ACTION ITEM: Exclude the pictures and transcribe the rest of the data below exactly.

══ COLLECTED DATA ══

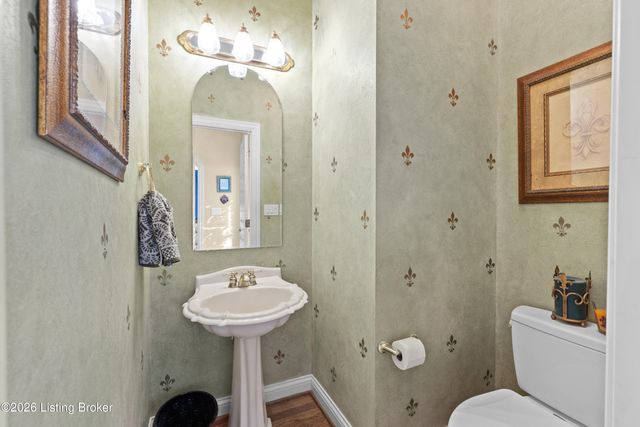 13809 High Trail Ct, Louisville, KY 40299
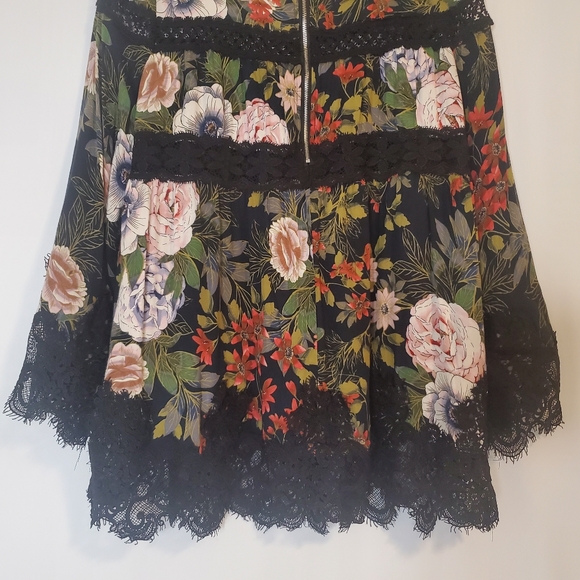 MISS ME Size M 100% Viscose tiered floral bohemian black lace peasant top - Picture 10 of 11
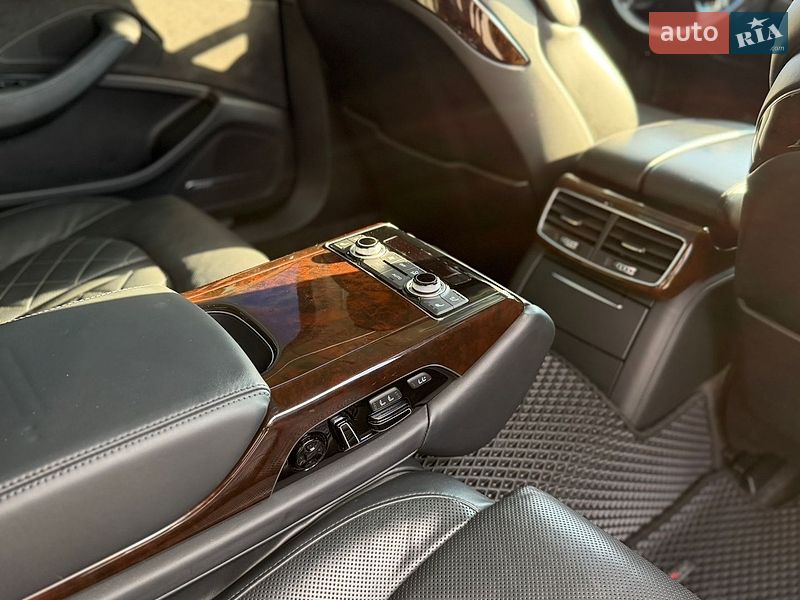 Седан Audi A8 2015 в Львове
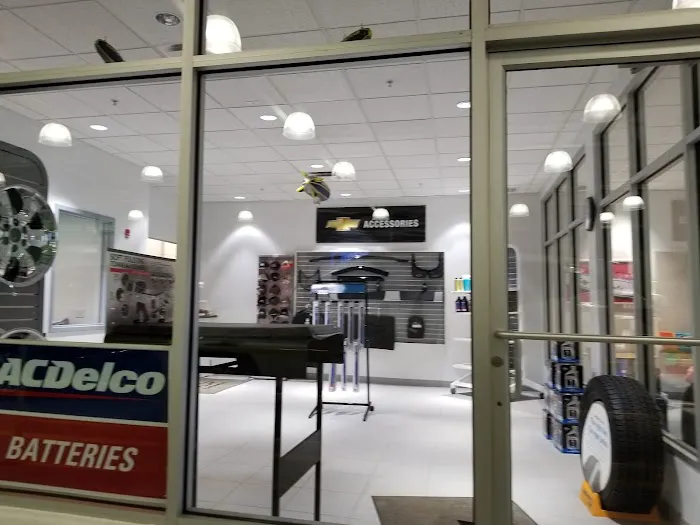 Diane Sauer Chevrolet Collision Repair Center 2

═══

FINISHED TASK:
 13809 High Trail Ct, Louisville, KY 40299
 MISS ME Size M 100% Viscose tiered floral bohemian black lace peasant top - Picture 10 of 11
 Седан Audi A8 2015 в Львове
 Diane Sauer Chevrolet Collision Repair Center 2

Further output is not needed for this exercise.